Reputation: 1506
I am trying to build a URL by joining some dynamic components. I thought of using something like os.path.join()
BUT for URLs in my case. From research I found urlparse.urljoin()
does the same thing. However, it looks like it only take two arguments at one time.
I have the following so far which works but looks repetitive:
a = urlparse.urljoin(environment, schedule_uri)
b = urlparse.urljoin(a, str(events_to_hours))
c = urlparse.urljoin(b, str(events_from_date))
d = urlparse.urljoin(c, str(api_version))
e = urlparse.urljoin(d, str(id))
url = e + '.json'
Output = http://example.com/schedule/12/20160322/v1/1.json
The above works and I tried to make it shorter this way:
url_join_items = [environment, schedule_uri, str(events_to_hours),
str(events_from_date), str(api_version), str(id), ".json"]
new_url = ""
for url_items in url_join_items:
new_url = urlparse.urljoin(new_url, url_items)
Output: http://example.com/schedule/.json
But the second implementation does not work.

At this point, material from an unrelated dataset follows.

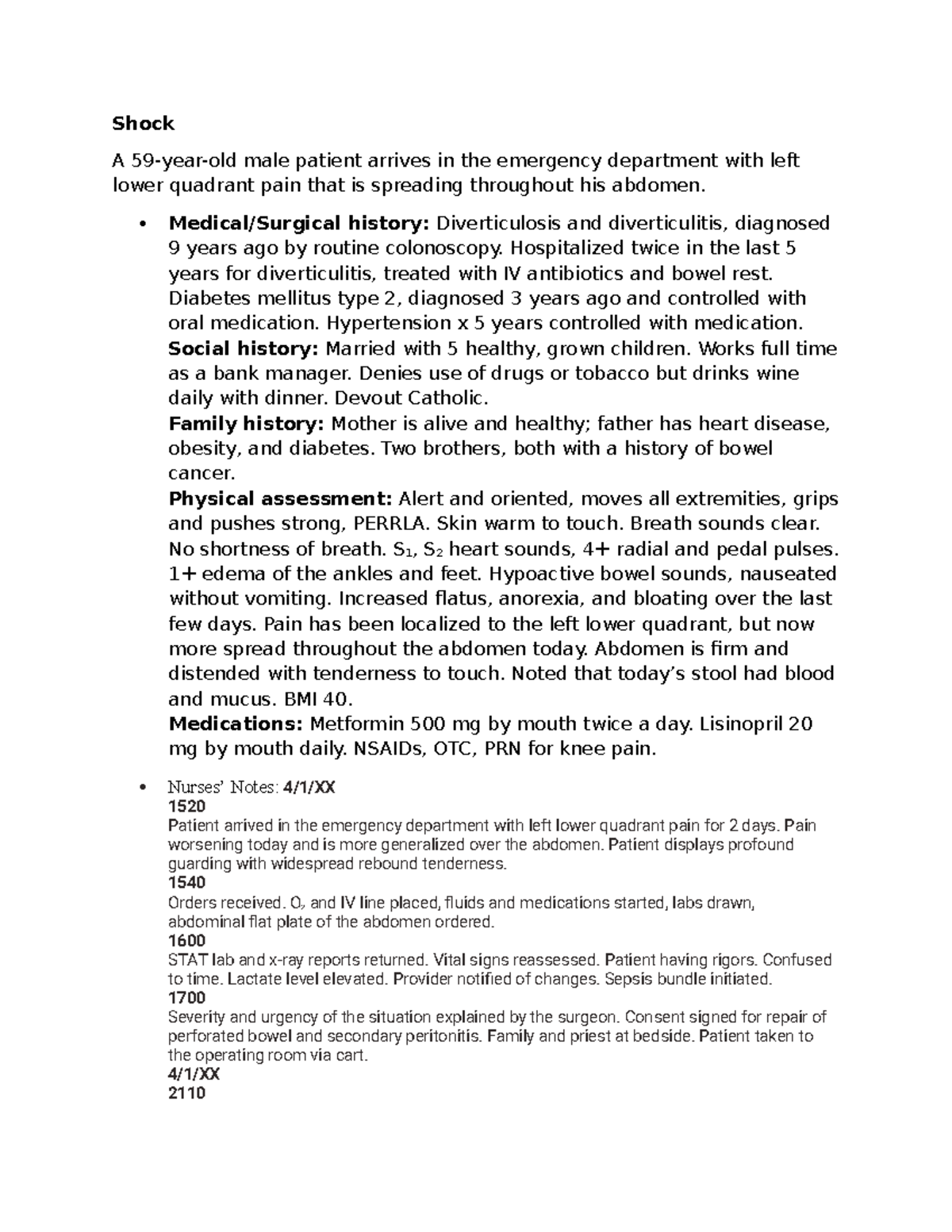 Shock - Case Study of a Male Patient with Septicemia and Peritonitis ...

Please suggest me how to fix this or the better way of doing it.
EDIT 1:
The output from the reduce
solution looks like this (unfortunately):
Output: http://example.com/schedule/.json
Upvotes: 21
Views: 25268
Reputation: 14272
This is what worked for me all the best:
def join_url_parts(base: str, parts: list[str], allow_fragments: bool = True) -> str:
"""Join multiple URL parts together.
See the examples below. All of them would produce the same result:
`https://example.com/api/v1/users/`
print(join_url_parts("https://example.com", ["api", "v1", "users"]))
print(join_url_parts("https://example.com", ["api", "v1/", "users"]))
print(join_url_parts("https://example.com/", ["api/", "v1/", "users/"]))
print(join_url_parts("https://example.com/", ["/api/", "/v1/", "users/"]))
"""
url = "/".join(map(lambda x: str(x).strip("/"), parts)) + "/"
return urljoin(base, url, allow_fragments)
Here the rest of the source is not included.